**DIRECTIONS FOR THIS TASK**
Write out the following records exactly, each one in full.
*** Opening of EXERCISE MATERIAL ***
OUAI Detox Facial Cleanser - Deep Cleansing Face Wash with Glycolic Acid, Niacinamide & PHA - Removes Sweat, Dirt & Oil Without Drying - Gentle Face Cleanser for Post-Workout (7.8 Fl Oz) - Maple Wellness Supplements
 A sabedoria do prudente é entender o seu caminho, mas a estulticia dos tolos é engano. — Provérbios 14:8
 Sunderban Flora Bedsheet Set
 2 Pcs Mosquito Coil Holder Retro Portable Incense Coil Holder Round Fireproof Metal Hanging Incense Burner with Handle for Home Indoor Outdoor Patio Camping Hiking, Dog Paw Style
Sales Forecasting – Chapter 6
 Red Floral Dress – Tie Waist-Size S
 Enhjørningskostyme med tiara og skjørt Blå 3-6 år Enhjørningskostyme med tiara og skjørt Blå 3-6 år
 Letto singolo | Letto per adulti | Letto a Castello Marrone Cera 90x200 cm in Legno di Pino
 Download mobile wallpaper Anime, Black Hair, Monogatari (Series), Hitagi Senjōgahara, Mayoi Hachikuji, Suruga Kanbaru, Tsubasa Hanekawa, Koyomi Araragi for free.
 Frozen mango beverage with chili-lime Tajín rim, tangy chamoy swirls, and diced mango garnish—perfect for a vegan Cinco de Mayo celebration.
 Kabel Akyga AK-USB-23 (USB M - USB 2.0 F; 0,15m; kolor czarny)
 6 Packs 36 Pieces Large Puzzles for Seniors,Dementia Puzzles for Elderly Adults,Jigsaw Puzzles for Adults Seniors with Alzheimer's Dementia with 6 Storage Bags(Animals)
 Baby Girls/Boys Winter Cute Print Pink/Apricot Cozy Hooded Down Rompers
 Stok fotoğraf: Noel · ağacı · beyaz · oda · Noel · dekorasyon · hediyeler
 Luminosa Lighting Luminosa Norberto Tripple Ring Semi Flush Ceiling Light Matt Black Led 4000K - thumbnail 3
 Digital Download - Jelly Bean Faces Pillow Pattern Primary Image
*** Close of EXERCISE MATERIAL ***
**REPLY TO THE TASK**
OUAI Detox Facial Cleanser - Deep Cleansing Face Wash with Glycolic Acid, Niacinamide & PHA - Removes Sweat, Dirt & Oil Without Drying - Gentle Face Cleanser for Post-Workout (7.8 Fl Oz) - Maple Wellness Supplements
 A sabedoria do prudente é entender o seu caminho, mas a estulticia dos tolos é engano. — Provérbios 14:8
 Sunderban Flora Bedsheet Set
 2 Pcs Mosquito Coil Holder Retro Portable Incense Coil Holder Round Fireproof Metal Hanging Incense Burner with Handle for Home Indoor Outdoor Patio Camping Hiking, Dog Paw Style
Sales Forecasting – Chapter 6
 Red Floral Dress – Tie Waist-Size S
 Enhjørningskostyme med tiara og skjørt Blå 3-6 år Enhjørningskostyme med tiara og skjørt Blå 3-6 år
 Letto singolo | Letto per adulti | Letto a Castello Marrone Cera 90x200 cm in Legno di Pino
 Download mobile wallpaper Anime, Black Hair, Monogatari (Series), Hitagi Senjōgahara, Mayoi Hachikuji, Suruga Kanbaru, Tsubasa Hanekawa, Koyomi Araragi for free.
 Frozen mango beverage with chili-lime Tajín rim, tangy chamoy swirls, and diced mango garnish—perfect for a vegan Cinco de Mayo celebration.
 Kabel Akyga AK-USB-23 (USB M - USB 2.0 F; 0,15m; kolor czarny)
 6 Packs 36 Pieces Large Puzzles for Seniors,Dementia Puzzles for Elderly Adults,Jigsaw Puzzles for Adults Seniors with Alzheimer's Dementia with 6 Storage Bags(Animals)
 Baby Girls/Boys Winter Cute Print Pink/Apricot Cozy Hooded Down Rompers
 Stok fotoğraf: Noel · ağacı · beyaz · oda · Noel · dekorasyon · hediyeler
 Luminosa Lighting Luminosa Norberto Tripple Ring Semi Flush Ceiling Light Matt Black Led 4000K - thumbnail 3
 Digital Download - Jelly Bean Faces Pillow Pattern Primary Image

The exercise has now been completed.